Things I learned while writing an x86 emulator (2023)
x86 Complexity and Quirks
- Many commenters describe x86 as one of the messiest mainstream ISAs, especially compared with RISC-V and modern ARM.
- Numerous quirks are highlighted:
- BSF/BSR vs TZCNT/LZCNT zero-input behavior, and real-world code (e.g., libc) depending on de‑facto, not documented, semantics.
- Legacy oddities like
0x90being a special NOP, high 8-bit registers interacting badly with REX, segment overrides mostly ignored in 64‑bit mode. - Prefix behavior (66/67, segment overrides, REX/VEX/EVEX, APX REX2) and cases where bits are inconsistently ignored or cause faults.
- Historical curiosities like BSWAP with operand-size prefix and inconsistent behavior across CPUs.
Instruction Encoding and Decoding
- Several participants are actively implementing or rewriting x86 decoders and disassemblers, including for QEMU and custom tools.
- Approaches include hand-written C tables vs autogenerated tables from higher-level specs; both find Intel documentation incomplete or subtly wrong in edge cases.
- EVEX and APX are seen as pushing complexity further, requiring more context-dependent decoding.
- Comparison with AArch64 finds ARM more regular at the mnemonic/semantic level but sometimes more complex in operand encoding and constraints.

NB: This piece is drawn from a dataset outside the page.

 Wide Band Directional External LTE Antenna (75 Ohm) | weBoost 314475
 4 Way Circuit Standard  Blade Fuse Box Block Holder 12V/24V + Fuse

Emulation and Understanding CPUs
- Writing emulators (from 6800/68k to x86 and consoles) is widely praised as a powerful way to understand ISAs, calling it a “missing link” between high-level code and hardware.
- Others argue that to understand modern superscalar CPUs, you must design at gate/RTL level; emulators mostly expose architectural behavior, not pipelines, caches, or speculation.
- A compromise view: both emulator and simple CPU design projects teach different layers of the stack.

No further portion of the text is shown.